# Task details:
Down to the last line, repeat the data below exactly.

━━ Entries shown

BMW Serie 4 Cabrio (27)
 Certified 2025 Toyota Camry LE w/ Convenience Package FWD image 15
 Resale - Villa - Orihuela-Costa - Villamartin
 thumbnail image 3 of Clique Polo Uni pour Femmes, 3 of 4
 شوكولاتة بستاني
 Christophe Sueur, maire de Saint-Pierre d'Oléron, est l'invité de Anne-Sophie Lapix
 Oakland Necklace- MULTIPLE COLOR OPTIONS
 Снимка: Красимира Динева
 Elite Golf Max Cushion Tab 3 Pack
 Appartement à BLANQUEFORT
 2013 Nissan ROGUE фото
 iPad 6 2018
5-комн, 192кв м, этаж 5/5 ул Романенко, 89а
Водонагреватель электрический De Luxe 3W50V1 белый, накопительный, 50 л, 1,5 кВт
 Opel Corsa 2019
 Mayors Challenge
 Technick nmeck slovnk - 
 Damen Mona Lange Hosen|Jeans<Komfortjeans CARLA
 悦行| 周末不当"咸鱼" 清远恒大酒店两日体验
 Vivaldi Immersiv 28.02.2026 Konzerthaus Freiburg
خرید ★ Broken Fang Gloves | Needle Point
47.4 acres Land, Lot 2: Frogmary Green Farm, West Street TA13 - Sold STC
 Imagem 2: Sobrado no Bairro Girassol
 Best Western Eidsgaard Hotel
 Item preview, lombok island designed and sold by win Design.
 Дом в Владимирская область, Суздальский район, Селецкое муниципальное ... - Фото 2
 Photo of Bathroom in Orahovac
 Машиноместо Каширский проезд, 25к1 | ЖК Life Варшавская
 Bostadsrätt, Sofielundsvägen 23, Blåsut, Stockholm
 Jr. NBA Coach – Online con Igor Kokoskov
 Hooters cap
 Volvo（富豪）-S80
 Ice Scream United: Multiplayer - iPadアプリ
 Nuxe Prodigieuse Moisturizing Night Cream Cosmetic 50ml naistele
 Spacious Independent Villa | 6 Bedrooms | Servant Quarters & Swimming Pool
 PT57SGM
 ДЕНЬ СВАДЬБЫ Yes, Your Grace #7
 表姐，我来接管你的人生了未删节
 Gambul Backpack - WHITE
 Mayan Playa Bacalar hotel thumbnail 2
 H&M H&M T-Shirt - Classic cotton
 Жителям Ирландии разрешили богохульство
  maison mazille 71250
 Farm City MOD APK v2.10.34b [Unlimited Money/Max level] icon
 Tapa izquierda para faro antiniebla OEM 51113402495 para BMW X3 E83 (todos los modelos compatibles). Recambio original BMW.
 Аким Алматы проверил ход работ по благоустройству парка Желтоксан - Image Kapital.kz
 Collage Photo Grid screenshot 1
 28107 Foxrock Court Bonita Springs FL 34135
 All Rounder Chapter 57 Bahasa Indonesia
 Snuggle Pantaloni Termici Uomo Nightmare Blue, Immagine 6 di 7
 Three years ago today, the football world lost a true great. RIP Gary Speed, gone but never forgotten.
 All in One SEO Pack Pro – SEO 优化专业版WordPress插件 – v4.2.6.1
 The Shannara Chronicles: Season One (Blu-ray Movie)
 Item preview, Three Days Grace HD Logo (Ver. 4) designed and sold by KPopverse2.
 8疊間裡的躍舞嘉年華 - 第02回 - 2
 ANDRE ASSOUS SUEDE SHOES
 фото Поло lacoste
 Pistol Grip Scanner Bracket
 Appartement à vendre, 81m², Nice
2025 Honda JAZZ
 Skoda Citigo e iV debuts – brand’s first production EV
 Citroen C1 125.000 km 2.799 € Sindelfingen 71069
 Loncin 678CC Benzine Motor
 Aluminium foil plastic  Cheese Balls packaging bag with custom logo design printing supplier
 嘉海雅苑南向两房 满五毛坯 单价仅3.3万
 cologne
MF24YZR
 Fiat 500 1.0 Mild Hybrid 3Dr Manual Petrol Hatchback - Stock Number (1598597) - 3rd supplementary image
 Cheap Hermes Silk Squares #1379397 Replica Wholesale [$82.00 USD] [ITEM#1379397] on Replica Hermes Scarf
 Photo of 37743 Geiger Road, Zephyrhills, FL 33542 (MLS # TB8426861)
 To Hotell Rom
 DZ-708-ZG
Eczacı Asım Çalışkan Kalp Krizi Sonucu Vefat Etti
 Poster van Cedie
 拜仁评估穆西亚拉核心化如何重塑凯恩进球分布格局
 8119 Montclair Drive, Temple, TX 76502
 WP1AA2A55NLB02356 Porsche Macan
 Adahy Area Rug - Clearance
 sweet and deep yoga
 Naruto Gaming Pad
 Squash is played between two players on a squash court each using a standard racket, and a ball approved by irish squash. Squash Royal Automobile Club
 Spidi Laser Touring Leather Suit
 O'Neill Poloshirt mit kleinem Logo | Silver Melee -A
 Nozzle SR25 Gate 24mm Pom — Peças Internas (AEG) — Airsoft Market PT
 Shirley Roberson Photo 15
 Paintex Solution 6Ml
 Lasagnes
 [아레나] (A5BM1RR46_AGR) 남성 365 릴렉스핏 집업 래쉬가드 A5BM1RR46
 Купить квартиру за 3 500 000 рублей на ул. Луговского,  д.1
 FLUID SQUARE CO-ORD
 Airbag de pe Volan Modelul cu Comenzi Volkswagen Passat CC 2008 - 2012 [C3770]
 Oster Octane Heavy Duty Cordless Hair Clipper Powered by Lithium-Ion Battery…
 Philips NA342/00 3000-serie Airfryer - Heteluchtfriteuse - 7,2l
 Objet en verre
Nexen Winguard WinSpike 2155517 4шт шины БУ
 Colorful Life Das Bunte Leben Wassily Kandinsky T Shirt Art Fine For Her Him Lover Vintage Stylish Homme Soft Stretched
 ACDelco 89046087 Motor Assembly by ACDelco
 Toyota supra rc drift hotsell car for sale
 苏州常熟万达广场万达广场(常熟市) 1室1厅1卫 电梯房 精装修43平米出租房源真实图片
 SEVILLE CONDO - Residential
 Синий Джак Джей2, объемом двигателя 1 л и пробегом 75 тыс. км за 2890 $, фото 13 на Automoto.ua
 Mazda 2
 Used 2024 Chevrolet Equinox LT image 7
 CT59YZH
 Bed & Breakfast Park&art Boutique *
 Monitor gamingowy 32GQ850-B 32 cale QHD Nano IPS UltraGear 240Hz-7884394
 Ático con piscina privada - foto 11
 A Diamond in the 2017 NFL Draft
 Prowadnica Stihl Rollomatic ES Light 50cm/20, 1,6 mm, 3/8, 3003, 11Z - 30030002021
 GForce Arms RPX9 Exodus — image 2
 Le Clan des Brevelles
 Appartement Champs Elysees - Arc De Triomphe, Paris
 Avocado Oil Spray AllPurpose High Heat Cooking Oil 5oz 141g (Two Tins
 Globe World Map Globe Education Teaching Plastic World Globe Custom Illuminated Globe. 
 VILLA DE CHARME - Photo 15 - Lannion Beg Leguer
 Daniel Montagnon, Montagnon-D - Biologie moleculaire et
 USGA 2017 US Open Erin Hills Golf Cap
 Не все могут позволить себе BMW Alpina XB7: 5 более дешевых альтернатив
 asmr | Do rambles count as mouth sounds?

━━━━

# Result below:
BMW Serie 4 Cabrio (27)
 Certified 2025 Toyota Camry LE w/ Convenience Package FWD image 15
 Resale - Villa - Orihuela-Costa - Villamartin
 thumbnail image 3 of Clique Polo Uni pour Femmes, 3 of 4
 شوكولاتة بستاني
 Christophe Sueur, maire de Saint-Pierre d'Oléron, est l'invité de Anne-Sophie Lapix
 Oakland Necklace- MULTIPLE COLOR OPTIONS
 Снимка: Красимира Динева
 Elite Golf Max Cushion Tab 3 Pack
 Appartement à BLANQUEFORT
 2013 Nissan ROGUE фото
 iPad 6 2018
5-комн, 192кв м, этаж 5/5 ул Романенко, 89а
Водонагреватель электрический De Luxe 3W50V1 белый, накопительный, 50 л, 1,5 кВт
 Opel Corsa 2019
 Mayors Challenge
 Technick nmeck slovnk - 
 Damen Mona Lange Hosen|Jeans<Komfortjeans CARLA
 悦行| 周末不当"咸鱼" 清远恒大酒店两日体验
 Vivaldi Immersiv 28.02.2026 Konzerthaus Freiburg
خرید ★ Broken Fang Gloves | Needle Point
47.4 acres Land, Lot 2: Frogmary Green Farm, West Street TA13 - Sold STC
 Imagem 2: Sobrado no Bairro Girassol
 Best Western Eidsgaard Hotel
 Item preview, lombok island designed and sold by win Design.
 Дом в Владимирская область, Суздальский район, Селецкое муниципальное ... - Фото 2
 Photo of Bathroom in Orahovac
 Машиноместо Каширский проезд, 25к1 | ЖК Life Варшавская
 Bostadsrätt, Sofielundsvägen 23, Blåsut, Stockholm
 Jr. NBA Coach – Online con Igor Kokoskov
 Hooters cap
 Volvo（富豪）-S80
 Ice Scream United: Multiplayer - iPadアプリ
 Nuxe Prodigieuse Moisturizing Night Cream Cosmetic 50ml naistele
 Spacious Independent Villa | 6 Bedrooms | Servant Quarters & Swimming Pool
 PT57SGM
 ДЕНЬ СВАДЬБЫ Yes, Your Grace #7
 表姐，我来接管你的人生了未删节
 Gambul Backpack - WHITE
 Mayan Playa Bacalar hotel thumbnail 2
 H&M H&M T-Shirt - Classic cotton
 Жителям Ирландии разрешили богохульство
  maison mazille 71250
 Farm City MOD APK v2.10.34b [Unlimited Money/Max level] icon
 Tapa izquierda para faro antiniebla OEM 51113402495 para BMW X3 E83 (todos los modelos compatibles). Recambio original BMW.
 Аким Алматы проверил ход работ по благоустройству парка Желтоксан - Image Kapital.kz
 Collage Photo Grid screenshot 1
 28107 Foxrock Court Bonita Springs FL 34135
 All Rounder Chapter 57 Bahasa Indonesia
 Snuggle Pantaloni Termici Uomo Nightmare Blue, Immagine 6 di 7
 Three years ago today, the football world lost a true great. RIP Gary Speed, gone but never forgotten.
 All in One SEO Pack Pro – SEO 优化专业版WordPress插件 – v4.2.6.1
 The Shannara Chronicles: Season One (Blu-ray Movie)
 Item preview, Three Days Grace HD Logo (Ver. 4) designed and sold by KPopverse2.
 8疊間裡的躍舞嘉年華 - 第02回 - 2
 ANDRE ASSOUS SUEDE SHOES
 фото Поло lacoste
 Pistol Grip Scanner Bracket
 Appartement à vendre, 81m², Nice
2025 Honda JAZZ
 Skoda Citigo e iV debuts – brand’s first production EV
 Citroen C1 125.000 km 2.799 € Sindelfingen 71069
 Loncin 678CC Benzine Motor
 Aluminium foil plastic  Cheese Balls packaging bag with custom logo design printing supplier
 嘉海雅苑南向两房 满五毛坯 单价仅3.3万
 cologne
MF24YZR
 Fiat 500 1.0 Mild Hybrid 3Dr Manual Petrol Hatchback - Stock Number (1598597) - 3rd supplementary image
 Cheap Hermes Silk Squares #1379397 Replica Wholesale [$82.00 USD] [ITEM#1379397] on Replica Hermes Scarf
 Photo of 37743 Geiger Road, Zephyrhills, FL 33542 (MLS # TB8426861)
 To Hotell Rom
 DZ-708-ZG
Eczacı Asım Çalışkan Kalp Krizi Sonucu Vefat Etti
 Poster van Cedie
 拜仁评估穆西亚拉核心化如何重塑凯恩进球分布格局
 8119 Montclair Drive, Temple, TX 76502
 WP1AA2A55NLB02356 Porsche Macan
 Adahy Area Rug - Clearance
 sweet and deep yoga
 Naruto Gaming Pad
 Squash is played between two players on a squash court each using a standard racket, and a ball approved by irish squash. Squash Royal Automobile Club
 Spidi Laser Touring Leather Suit
 O'Neill Poloshirt mit kleinem Logo | Silver Melee -A
 Nozzle SR25 Gate 24mm Pom — Peças Internas (AEG) — Airsoft Market PT
 Shirley Roberson Photo 15
 Paintex Solution 6Ml
 Lasagnes
 [아레나] (A5BM1RR46_AGR) 남성 365 릴렉스핏 집업 래쉬가드 A5BM1RR46
 Купить квартиру за 3 500 000 рублей на ул. Луговского,  д.1
 FLUID SQUARE CO-ORD
 Airbag de pe Volan Modelul cu Comenzi Volkswagen Passat CC 2008 - 2012 [C3770]
 Oster Octane Heavy Duty Cordless Hair Clipper Powered by Lithium-Ion Battery…
 Philips NA342/00 3000-serie Airfryer - Heteluchtfriteuse - 7,2l
 Objet en verre
Nexen Winguard WinSpike 2155517 4шт шины БУ
 Colorful Life Das Bunte Leben Wassily Kandinsky T Shirt Art Fine For Her Him Lover Vintage Stylish Homme Soft Stretched
 ACDelco 89046087 Motor Assembly by ACDelco
 Toyota supra rc drift hotsell car for sale
 苏州常熟万达广场万达广场(常熟市) 1室1厅1卫 电梯房 精装修43平米出租房源真实图片
 SEVILLE CONDO - Residential
 Синий Джак Джей2, объемом двигателя 1 л и пробегом 75 тыс. км за 2890 $, фото 13 на Automoto.ua
 Mazda 2
 Used 2024 Chevrolet Equinox LT image 7
 CT59YZH
 Bed & Breakfast Park&art Boutique *
 Monitor gamingowy 32GQ850-B 32 cale QHD Nano IPS UltraGear 240Hz-7884394
 Ático con piscina privada - foto 11
 A Diamond in the 2017 NFL Draft
 Prowadnica Stihl Rollomatic ES Light 50cm/20, 1,6 mm, 3/8, 3003, 11Z - 30030002021
 GForce Arms RPX9 Exodus — image 2
 Le Clan des Brevelles
 Appartement Champs Elysees - Arc De Triomphe, Paris
 Avocado Oil Spray AllPurpose High Heat Cooking Oil 5oz 141g (Two Tins
 Globe World Map Globe Education Teaching Plastic World Globe Custom Illuminated Globe. 
 VILLA DE CHARME - Photo 15 - Lannion Beg Leguer
 Daniel Montagnon, Montagnon-D - Biologie moleculaire et
 USGA 2017 US Open Erin Hills Golf Cap
 Не все могут позволить себе BMW Alpina XB7: 5 более дешевых альтернатив
 asmr | Do rambles count as mouth sounds?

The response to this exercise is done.